Corpus of Gāndhārī Texts
Stefan Baums and Andrew Glass

The foundation for our work on this site is a digital corpus of all published Gāndhārī texts. We started jointly compiling this corpus in 2002, and brought coverage to completion in 2014 (see Baums & Glass 2013 for a brief history of our work, as well as our Blog). Going forward, we continue to keep our corpus updated as new material is discovered and published, add improved documentation to each text, and carry out a comprehensive linguistic analysis of the full range of Gāndhārī texts that we assembled. Especially the Gāndhārī manuscripts discovered in the last twenty years (most of which remain unpublished) are making significant contributions to the corpus, but also new inscriptions and coins from Gandhāra and wooden documents from Central Asia continue to be found.

Gāndhārī corpus
Sources: Hultzsch 1925, British Library, British Library, Stefan Baums.

The current numbers of items and word tokens in our corpus are as follows:

388 manuscripts and manuscript fragments
1,162 inscriptions
901 administrative documents
337 coin legends
=2,788 items (119,303 word tokens)

As we add new material to our corpus, we correct and improve the published texts where necessary; all such changes (currently a total of 3,856) are documented and justified in footnotes (see further here). We also normalize the transliteration system and text-critical marks to the standard set out in the preface of our Dictionary of Gāndhārī. Historical editions of texts are currently presented in plain-text form using the original conventions used by their various editors (see, for example, the relic inscription CKI 266).

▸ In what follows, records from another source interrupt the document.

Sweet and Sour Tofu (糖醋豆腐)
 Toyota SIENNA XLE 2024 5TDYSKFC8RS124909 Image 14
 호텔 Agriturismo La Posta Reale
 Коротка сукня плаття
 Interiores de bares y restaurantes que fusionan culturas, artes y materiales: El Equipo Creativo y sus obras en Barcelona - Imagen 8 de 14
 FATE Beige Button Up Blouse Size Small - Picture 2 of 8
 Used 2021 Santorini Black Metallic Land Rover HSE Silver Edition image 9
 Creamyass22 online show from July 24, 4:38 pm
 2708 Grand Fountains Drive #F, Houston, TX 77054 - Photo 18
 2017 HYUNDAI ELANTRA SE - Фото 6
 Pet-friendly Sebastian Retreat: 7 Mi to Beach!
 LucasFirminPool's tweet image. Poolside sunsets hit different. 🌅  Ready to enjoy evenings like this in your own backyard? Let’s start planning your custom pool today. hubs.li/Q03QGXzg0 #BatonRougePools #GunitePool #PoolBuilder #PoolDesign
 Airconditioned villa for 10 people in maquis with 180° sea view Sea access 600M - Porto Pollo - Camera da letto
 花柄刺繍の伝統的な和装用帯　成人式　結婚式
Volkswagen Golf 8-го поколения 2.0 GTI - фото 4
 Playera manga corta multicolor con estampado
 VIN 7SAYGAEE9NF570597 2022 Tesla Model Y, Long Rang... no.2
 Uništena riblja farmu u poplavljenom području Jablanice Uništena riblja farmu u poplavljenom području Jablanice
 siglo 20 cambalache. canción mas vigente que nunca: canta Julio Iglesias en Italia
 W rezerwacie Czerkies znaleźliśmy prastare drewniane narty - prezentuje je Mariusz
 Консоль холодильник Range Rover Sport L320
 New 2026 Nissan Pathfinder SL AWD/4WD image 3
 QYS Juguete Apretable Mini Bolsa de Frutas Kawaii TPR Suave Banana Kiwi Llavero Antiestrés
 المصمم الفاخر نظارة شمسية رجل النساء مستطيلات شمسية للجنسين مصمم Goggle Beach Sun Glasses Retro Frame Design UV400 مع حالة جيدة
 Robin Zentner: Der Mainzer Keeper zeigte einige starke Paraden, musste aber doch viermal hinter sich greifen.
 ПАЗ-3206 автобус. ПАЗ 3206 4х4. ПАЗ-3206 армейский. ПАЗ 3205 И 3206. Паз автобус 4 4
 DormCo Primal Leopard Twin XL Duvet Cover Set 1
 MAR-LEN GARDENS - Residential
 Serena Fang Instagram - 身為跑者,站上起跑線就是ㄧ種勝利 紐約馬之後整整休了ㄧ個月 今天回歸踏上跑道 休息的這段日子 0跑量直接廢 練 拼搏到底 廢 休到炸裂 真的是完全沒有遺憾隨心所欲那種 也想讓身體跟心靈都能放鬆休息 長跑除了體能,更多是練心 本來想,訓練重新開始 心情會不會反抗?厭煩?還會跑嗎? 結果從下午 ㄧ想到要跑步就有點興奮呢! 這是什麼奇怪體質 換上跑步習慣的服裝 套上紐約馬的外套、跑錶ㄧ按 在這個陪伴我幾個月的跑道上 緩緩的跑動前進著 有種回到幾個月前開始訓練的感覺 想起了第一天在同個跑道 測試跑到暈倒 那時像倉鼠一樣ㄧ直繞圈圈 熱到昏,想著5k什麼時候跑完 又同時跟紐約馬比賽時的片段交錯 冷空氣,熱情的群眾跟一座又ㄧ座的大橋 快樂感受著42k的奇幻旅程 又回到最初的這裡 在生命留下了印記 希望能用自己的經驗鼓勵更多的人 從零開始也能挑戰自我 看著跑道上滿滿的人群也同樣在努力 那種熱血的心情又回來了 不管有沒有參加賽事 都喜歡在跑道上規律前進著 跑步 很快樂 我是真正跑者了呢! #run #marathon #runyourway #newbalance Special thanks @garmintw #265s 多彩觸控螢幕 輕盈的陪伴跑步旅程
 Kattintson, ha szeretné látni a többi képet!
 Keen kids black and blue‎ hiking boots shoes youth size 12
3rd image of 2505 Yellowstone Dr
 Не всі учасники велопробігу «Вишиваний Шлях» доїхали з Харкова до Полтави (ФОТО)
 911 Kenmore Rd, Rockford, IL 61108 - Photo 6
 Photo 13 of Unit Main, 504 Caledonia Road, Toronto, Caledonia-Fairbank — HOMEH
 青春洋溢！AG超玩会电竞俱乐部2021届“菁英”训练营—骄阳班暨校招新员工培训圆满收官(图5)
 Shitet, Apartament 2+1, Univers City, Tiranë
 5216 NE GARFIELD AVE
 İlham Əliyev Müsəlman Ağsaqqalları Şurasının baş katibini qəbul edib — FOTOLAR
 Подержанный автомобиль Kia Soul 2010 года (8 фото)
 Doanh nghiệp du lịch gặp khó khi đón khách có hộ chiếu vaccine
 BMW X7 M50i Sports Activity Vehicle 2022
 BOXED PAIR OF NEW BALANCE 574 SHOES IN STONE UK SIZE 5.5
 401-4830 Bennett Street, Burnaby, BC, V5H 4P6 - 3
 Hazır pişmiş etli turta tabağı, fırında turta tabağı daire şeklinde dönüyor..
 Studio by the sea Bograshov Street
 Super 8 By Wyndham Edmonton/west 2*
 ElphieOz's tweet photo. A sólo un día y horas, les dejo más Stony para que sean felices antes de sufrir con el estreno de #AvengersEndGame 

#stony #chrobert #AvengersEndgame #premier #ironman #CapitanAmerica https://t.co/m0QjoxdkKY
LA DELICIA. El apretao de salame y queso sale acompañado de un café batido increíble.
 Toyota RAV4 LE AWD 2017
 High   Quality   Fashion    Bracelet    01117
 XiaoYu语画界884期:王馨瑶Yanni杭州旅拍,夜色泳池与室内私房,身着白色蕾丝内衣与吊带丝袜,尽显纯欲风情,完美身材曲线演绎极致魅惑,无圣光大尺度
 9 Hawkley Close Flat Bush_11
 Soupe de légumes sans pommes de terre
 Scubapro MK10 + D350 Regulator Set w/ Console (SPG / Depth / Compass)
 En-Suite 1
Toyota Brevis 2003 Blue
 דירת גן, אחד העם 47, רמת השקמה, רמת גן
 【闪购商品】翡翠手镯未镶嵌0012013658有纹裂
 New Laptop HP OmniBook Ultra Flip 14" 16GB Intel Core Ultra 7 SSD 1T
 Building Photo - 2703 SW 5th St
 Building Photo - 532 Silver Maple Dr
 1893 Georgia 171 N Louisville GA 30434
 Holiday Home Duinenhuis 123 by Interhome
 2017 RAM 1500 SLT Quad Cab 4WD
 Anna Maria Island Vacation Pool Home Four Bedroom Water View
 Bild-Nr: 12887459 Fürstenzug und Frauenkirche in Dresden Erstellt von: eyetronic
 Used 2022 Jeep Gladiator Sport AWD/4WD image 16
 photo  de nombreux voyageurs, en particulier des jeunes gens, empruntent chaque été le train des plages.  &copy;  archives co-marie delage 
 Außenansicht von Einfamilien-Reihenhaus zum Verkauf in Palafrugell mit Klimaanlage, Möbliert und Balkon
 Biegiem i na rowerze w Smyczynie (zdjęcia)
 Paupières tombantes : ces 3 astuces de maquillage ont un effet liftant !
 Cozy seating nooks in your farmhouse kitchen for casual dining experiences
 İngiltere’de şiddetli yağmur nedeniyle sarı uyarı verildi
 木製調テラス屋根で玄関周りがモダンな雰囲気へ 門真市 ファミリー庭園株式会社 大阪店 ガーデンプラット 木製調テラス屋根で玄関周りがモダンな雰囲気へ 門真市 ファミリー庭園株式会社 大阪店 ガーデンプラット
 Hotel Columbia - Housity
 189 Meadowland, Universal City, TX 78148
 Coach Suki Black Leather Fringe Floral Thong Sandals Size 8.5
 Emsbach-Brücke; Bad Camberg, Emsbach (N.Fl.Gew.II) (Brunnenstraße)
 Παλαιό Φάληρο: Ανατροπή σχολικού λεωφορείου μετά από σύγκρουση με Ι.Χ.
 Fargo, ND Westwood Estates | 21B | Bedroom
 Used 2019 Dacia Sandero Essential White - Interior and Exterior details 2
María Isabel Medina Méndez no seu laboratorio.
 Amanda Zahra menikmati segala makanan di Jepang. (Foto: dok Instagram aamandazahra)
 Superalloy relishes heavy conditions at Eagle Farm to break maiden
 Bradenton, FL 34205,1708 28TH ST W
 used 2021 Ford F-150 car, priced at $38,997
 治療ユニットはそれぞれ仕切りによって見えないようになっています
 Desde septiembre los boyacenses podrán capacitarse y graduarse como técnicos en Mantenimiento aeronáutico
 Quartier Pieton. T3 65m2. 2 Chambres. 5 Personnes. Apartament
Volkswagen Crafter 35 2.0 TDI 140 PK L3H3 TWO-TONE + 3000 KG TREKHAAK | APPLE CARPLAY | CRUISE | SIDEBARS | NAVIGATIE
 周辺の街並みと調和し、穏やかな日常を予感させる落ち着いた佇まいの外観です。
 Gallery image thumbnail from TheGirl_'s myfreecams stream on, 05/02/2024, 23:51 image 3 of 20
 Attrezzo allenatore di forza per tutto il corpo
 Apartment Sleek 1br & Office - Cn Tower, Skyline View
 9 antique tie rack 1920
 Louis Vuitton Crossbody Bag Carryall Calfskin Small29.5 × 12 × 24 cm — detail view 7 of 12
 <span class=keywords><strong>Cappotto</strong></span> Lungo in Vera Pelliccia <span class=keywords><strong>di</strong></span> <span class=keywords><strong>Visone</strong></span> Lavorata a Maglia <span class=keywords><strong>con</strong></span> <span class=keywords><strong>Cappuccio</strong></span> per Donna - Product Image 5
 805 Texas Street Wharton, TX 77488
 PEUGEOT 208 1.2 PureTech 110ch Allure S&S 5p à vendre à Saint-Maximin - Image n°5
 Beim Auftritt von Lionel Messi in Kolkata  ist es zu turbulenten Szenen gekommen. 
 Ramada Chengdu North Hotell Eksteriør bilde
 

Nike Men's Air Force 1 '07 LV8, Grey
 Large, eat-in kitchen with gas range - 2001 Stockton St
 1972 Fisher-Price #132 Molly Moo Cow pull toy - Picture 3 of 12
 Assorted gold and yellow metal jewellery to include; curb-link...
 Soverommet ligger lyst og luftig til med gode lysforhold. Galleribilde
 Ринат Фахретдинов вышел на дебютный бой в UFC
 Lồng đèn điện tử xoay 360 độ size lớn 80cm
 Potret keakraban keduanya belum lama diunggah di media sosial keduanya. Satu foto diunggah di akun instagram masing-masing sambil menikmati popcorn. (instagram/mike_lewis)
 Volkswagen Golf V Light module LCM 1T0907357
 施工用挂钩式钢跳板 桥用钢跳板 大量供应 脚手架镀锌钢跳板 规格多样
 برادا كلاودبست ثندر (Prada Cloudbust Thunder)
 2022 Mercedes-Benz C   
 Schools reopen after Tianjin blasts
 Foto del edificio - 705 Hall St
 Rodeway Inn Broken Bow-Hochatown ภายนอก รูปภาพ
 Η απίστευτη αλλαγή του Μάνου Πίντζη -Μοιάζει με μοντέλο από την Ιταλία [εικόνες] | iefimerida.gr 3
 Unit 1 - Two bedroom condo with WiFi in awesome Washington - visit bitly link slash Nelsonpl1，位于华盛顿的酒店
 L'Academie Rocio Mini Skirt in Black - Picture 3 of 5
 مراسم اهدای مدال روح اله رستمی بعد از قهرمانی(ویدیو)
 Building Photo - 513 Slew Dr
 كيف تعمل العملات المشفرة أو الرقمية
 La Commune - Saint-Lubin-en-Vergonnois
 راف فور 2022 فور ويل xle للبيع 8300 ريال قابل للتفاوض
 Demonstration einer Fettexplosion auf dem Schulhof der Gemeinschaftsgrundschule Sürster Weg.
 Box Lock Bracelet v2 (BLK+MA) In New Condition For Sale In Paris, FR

A tighter integration with the accepted text, tracing the history of individual readings and interpretations, is gradually being applied. In addition to linguistically analyzed documents and metadata, our corpus also contains images of the texts and inscribed objects (currently a total of 2,431) which, following the same upgrade, will be linked to the transliterated texts to allow easy verification of the proposed readings.

Our corpus of Gāndhārī texts can be explored in three ways: If either the assigned catalog number or other details of the object or text (such as its findspot or its general content) are known, it (and related items) can be located through our Catalog of Gāndhārī Texts. If distinctive words or phrases from a text are known, these can be searched for in our Dictionary of Gāndhārī or through the full-text search function in the Catalog section. Finally, if it is known where a text was published, the citation key given in our Bibliography of Gāndhārī Studies can be searched for in the Catalog.